The theory of Economic Moats is about judging the value of existing businesses for investment purposes — or in the case of startups: the value potential IF a Moat happens. Which becomes obvious when you think about how the value-investing giants Warren Buffet and Pat Dorsey coined the term.
The advice, therefore, is that Entrepreneurs shouldn’t focus on creating Economic Moats… as always, they should only focus on creating an amazing product experience for his/her customers, in order to solve a problem that the Entrepreneur cares about.

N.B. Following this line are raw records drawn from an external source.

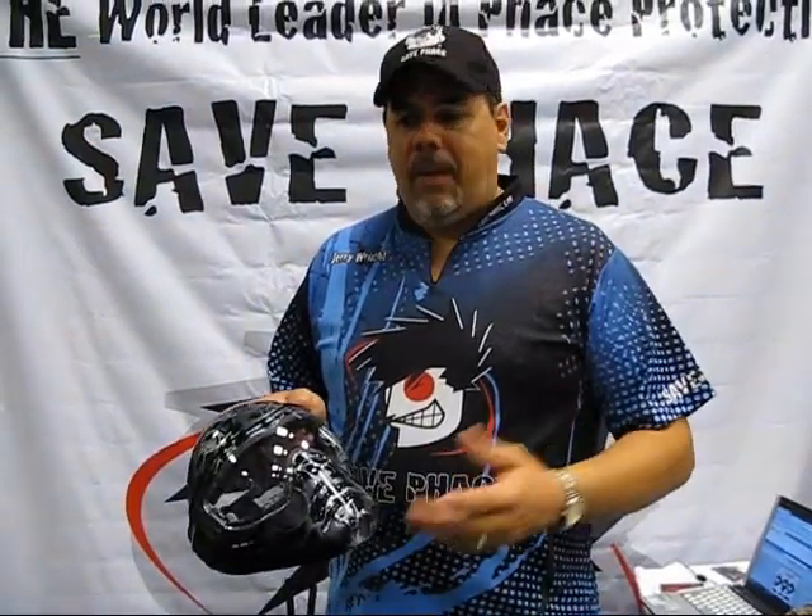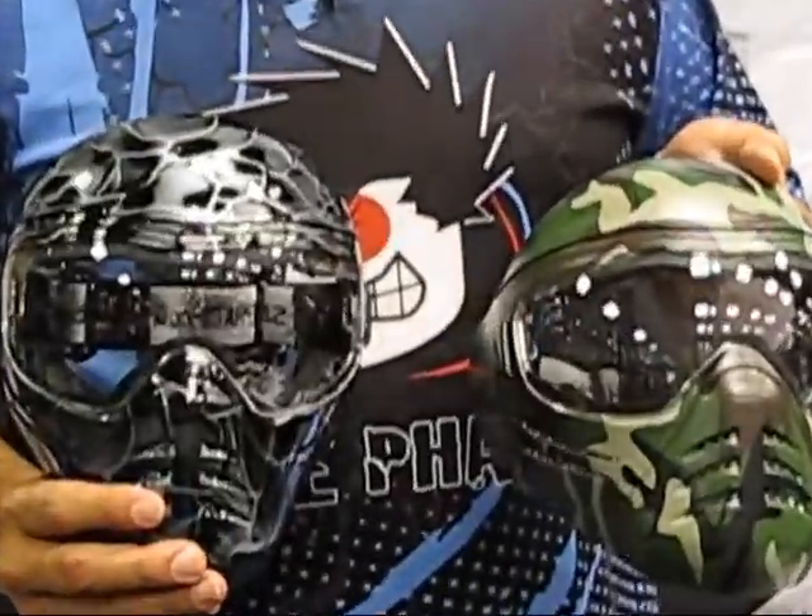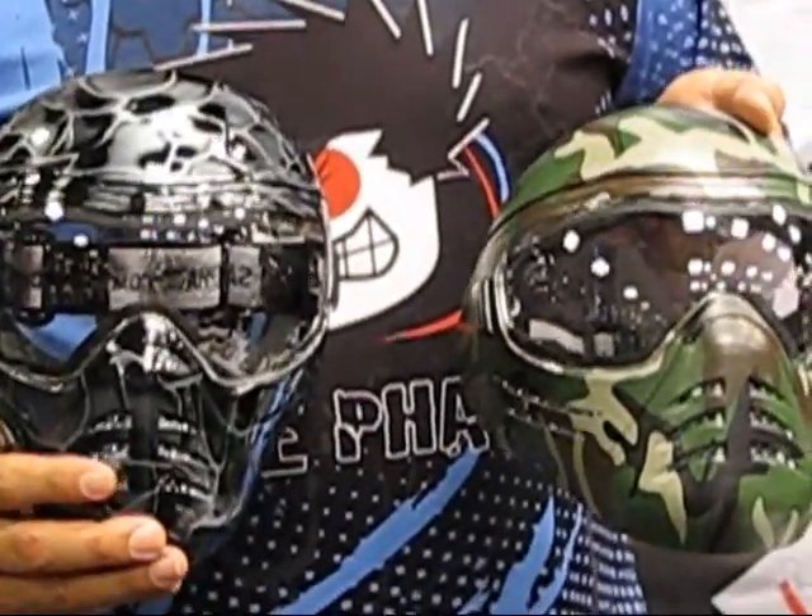Hi, my name's Jerry Wright, I'm the CEO of Safe Face. This is one of five masks that we have in our disc series. Our disc series are $49.99 MSRP, retail price.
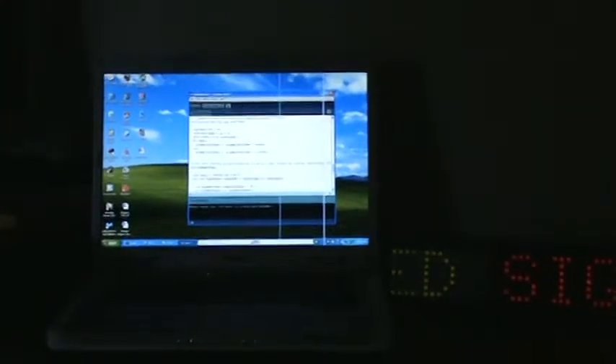There is a program on the screen — not like you can see it from here, huh?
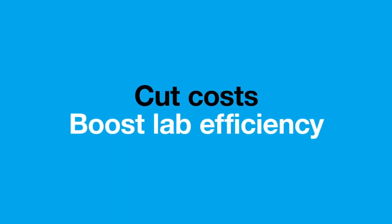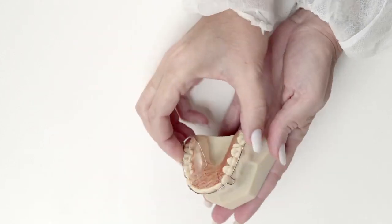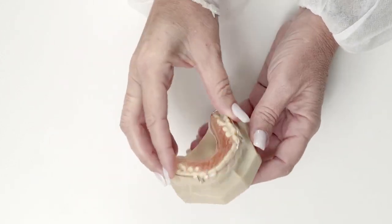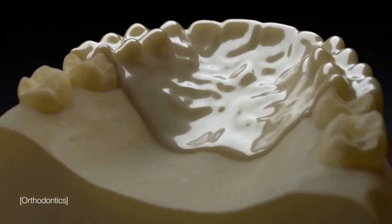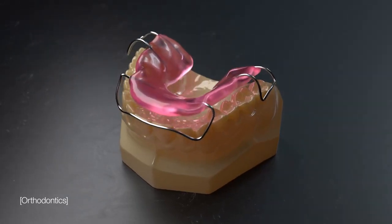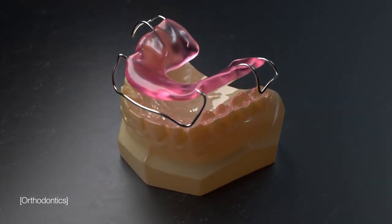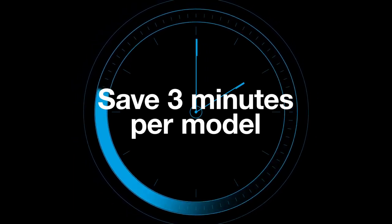Helping to cut costs and boost lab efficiency. Cut days off delivery times by producing more accurate, comfortable orthodontic devices. Our unique separator digital material coats models in print, minimizing post-processing time and making acrylic and wax removal easy, helping to save up to three minutes per model in manual labor.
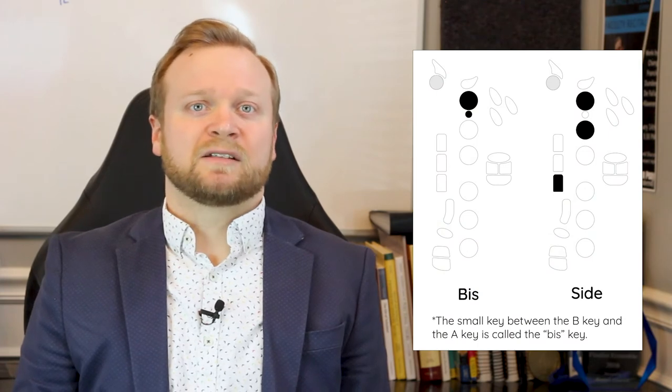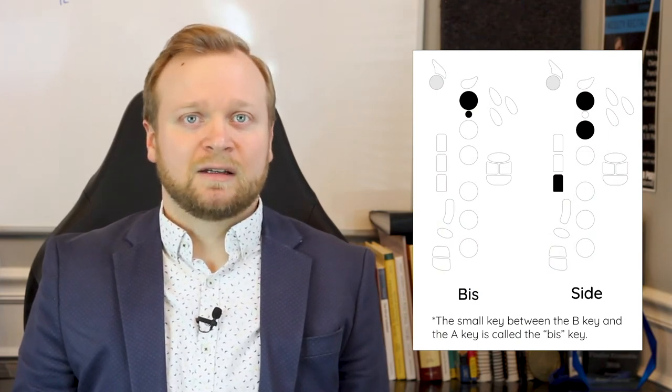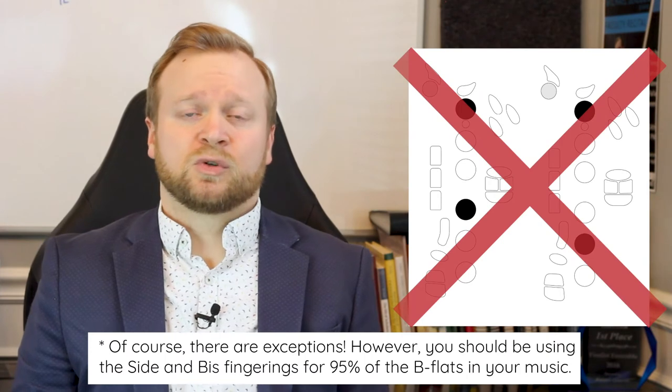Because of the key signature, there are B-flats everywhere. As saxophonists, one of our most important and basic skills is our flexibility and control over different B-flat fingerings. For our intents and purposes, there are two fingerings you should be practicing in your scales: side B-flat and bis B-flat. While occasionally it might make sense to use one and five or one and four, these should never be your default choice for B-flat.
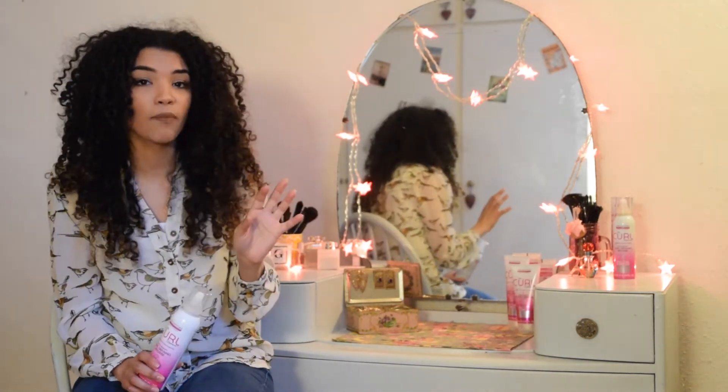Today I'm going to be using it on dry hair as a sort of second or third day curl fresher, but you can use it on damp hair as well.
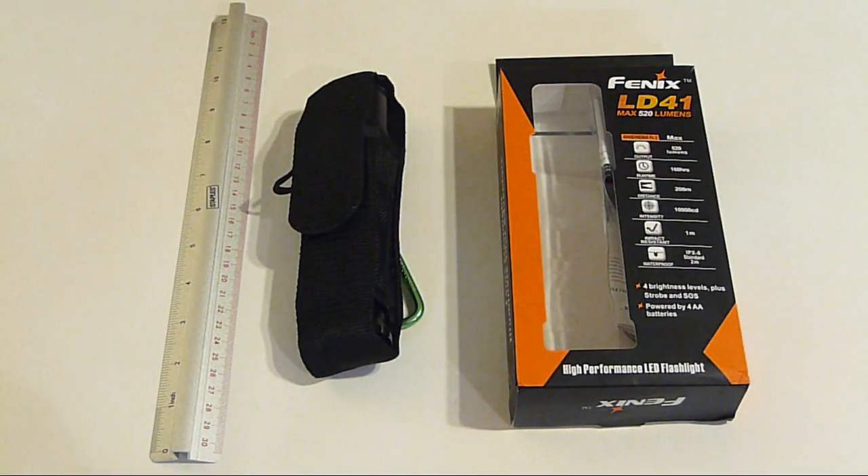Hey YouTube, M1American here. I wanted to do a review on the Phoenix LD41 flashlight. I've been using this for a while now. I pretty much have it everywhere I go — anytime I have a backpack, or if I have it in my truck when I'm going anywhere.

And if you think about it, that makes sense. For instance, you can’t create the swell of usage that results in an Economic Moat, without first having an amazing product that provides a breakthrough experience for its users. The product comes first, Economic Moats simply fall out after flawless execution (if they’re meant to be). Entrepreneurs in the early stages need to understand Moats, but only to be able to recognize them for valuation.
So, there you have it. A bit about Economic Moats, and the role that they play in investing and entrepreneurial strategy: they are super powerful tools for valuation, but they aren’t a business strategy… they are the result.
Below are four presentations / articles that I found useful in understanding Economic moats deeper than I had in the past. If you have time and the inclination, definitely check them out.
Hope you enjoyed this post!
Deeper Reading #1
An overview of Economic Moats, and how to think of them as an investor, by the investment professional who popularized the theory, Pat Dorsey.
“An economic moat is a structural business characteristic that allows a firm to generate excess economic returns for an extended period.”
Deeper Reading #2
A presentation by Brian Laung Aoaeh, who writes the blog Innovation Footprints. It’s a 79 slide deck delving fairly deeply into all aspects of economic moats from the perspective of technology startups and seed investing.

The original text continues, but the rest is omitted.